I'm starting to build up various utilities to help with this kind of thing, but ...

I'm starting to build up various utilities to help with this kind of thing, but I fully agree. The decisions require understanding the business requirements (do I use source X or Y for field 1, what errors are OK, what types of error are worst, etc), but the process of finding some of these could be better.

One simple one is missing data. Missing data is rarely a null, I've seen (on one field, in one dataset):

    N/A
    NA
    " "
    Blank # literally the string "Blank"
    NULL # Again, the string
    No data
    No! Data
    No data was entered for this field
    No data is known
    The data is not known
    There is no data

And many, many more. None can be clearly identified automatically, but some processes like:

Pull out the most common items, manually mark some as "equivalent to blank" and remove.
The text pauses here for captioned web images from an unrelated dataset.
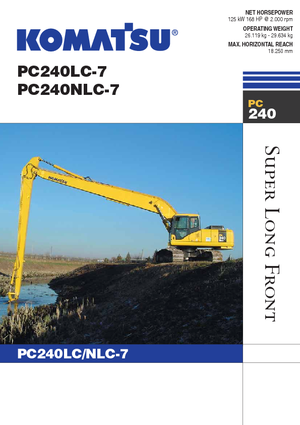Escavatori cingolati Komatsu PC240NLC-7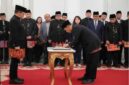 Foto: Gubernur Pramono Lantik Sekda Baru DKI Jakarta.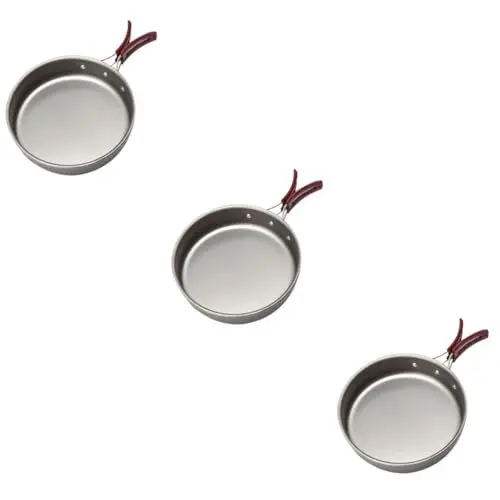 Produktbild: Garneck 3 Stück Camping Pfanne Antihaft Bratpfanne Grillzubehör Antihaft Bratpfanne Eierpfanne Camping Pfanne Camping Kochgeschirr Camping Bratpfanne Outdoor Grillplatte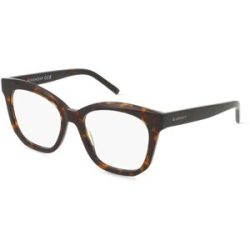 Thélios Givenchy GV50069I Damen-Brille inkl. Gläser Vollrand Geometrisch Acetat-Gestell 53/18/145, Havanna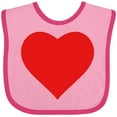 thumbnail image 3 of Inktastic Red Heart Boys or Girls Baby Bib, 3 of 4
Identify common substrings with known text (N/A, NULL, etc) and bring up those examples.

Are useful, I'd like to extend with more clustering and analysis to bring out other common general issues but rare specific issues. Lots of similar things with encodings, etc. too.

Other things that might be good are clearer ways I could supply general conditions I expect to hold true, then bring the most egregious ones to my attention so I can either clear out / deal with them in some way. A good way of recording issues that have already been analysed and found to be OK would be great too.